Call Center Scheduling Featured Article
Cloud-Based Workforce Management Helps Manage Holiday Hiring
With Halloween over, retailers are beginning to make their big ramp-up to the holiday season. It’s the most important time of the year for most retailers, and a bad holiday season can translate to a bad year when it comes to sales and profit. Luckily, a majority of retailers say they’re optimistic about the coming holiday season. A study by First Insight and Fung Global Retail and Technology found that nearly three-quarters of retailers are optimistic about the upcoming holiday season, and about a third say they’re extremely optimistic. More than 60 percent of retailers surveyed believe that holiday sales will increase compared to last year, and about 25 percent expect sales to increase between five and 10 percent.

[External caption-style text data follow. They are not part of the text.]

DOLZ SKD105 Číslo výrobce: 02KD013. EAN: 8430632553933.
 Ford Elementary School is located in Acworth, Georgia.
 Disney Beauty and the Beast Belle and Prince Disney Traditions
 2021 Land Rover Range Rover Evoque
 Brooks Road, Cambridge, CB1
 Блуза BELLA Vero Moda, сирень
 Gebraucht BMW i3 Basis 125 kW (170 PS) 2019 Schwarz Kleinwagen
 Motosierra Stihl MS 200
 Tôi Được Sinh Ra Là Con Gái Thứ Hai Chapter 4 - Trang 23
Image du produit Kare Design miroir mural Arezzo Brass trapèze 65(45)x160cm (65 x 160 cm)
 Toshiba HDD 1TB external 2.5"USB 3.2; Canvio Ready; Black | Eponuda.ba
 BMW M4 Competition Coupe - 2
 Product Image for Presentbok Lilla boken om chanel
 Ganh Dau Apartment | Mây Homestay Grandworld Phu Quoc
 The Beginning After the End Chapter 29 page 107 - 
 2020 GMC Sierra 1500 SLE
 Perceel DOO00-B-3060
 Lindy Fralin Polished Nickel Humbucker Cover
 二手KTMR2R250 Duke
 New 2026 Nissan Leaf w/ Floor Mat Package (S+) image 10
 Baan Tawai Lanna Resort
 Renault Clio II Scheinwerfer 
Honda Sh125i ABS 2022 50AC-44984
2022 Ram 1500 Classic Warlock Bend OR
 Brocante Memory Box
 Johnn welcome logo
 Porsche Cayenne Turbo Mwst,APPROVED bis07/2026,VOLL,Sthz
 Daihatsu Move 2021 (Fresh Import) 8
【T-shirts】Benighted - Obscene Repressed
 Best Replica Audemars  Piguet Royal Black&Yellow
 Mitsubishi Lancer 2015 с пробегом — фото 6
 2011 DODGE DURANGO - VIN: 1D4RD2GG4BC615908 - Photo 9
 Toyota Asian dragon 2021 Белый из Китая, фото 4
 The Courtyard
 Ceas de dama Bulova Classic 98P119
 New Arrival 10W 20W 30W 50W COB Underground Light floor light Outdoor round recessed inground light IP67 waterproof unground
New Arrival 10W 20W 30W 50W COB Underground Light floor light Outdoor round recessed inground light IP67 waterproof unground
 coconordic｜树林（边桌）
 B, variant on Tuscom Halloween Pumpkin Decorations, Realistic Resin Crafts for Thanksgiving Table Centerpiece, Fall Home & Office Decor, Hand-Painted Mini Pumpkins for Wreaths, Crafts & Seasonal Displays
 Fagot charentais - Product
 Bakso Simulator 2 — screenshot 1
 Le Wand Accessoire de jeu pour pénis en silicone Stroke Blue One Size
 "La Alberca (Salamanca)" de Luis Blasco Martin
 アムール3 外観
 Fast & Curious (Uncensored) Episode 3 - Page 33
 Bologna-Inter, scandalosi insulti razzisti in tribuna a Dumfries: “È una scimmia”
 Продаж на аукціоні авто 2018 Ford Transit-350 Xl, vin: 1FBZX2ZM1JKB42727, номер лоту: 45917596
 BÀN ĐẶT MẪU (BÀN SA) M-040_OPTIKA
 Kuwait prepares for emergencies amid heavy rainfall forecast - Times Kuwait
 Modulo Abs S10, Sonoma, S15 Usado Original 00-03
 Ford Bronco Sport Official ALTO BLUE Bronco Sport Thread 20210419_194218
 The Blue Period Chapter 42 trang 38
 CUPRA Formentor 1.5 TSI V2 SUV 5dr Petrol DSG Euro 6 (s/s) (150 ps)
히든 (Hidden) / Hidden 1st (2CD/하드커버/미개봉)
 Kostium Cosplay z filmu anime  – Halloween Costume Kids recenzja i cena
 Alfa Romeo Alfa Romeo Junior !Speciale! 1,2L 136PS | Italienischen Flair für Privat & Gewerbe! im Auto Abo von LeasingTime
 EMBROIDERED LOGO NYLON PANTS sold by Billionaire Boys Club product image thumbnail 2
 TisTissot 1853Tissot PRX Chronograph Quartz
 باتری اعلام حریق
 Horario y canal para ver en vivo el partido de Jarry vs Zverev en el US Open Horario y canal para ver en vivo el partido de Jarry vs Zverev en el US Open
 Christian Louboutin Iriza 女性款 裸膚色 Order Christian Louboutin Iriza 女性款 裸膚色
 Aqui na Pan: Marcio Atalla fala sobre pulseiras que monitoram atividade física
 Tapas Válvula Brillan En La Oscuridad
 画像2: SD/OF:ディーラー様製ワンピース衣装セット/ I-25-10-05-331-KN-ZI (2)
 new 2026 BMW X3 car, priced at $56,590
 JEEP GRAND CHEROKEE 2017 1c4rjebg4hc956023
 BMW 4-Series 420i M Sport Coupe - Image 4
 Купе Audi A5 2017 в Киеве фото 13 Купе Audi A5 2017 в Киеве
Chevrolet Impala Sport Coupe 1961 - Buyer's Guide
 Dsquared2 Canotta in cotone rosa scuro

In order to reap all these retail sales, however, most companies that rely on holiday consumer spending need to have the right infrastructure in place to sell and support customers. As a result, holiday hiring is also in high gear. For many organizations, adding temporary staff to the contact center is one of the most urgent needs. Ralph Lauren recently announced that it’s looking to hire more than 600 people in North Carolina for both contact center and warehouse jobs. Retail giant Amazon is seeking to hire people in 20 states for home-based virtual contact center jobs, and WalMart has announced it plans to bring a whopping 20,000 workers aboard for temporary contact center jobs during the holiday season.
Finding people willing to work seasonal contact center jobs isn’t the hard part. That comes when attempting to integrate dozens, hundreds or even thousands of freshmen workers into the customer support infrastructure. Workforce management, which companies use to ensure the right number of workers with the right skills are working at the right times to enable a great customer experience, hasn’t always been able to cope with temporary and part-time workers. Software-based solutions or spreadsheets are inflexible, cumbersome and nearly impossible to manage across multiple work sites.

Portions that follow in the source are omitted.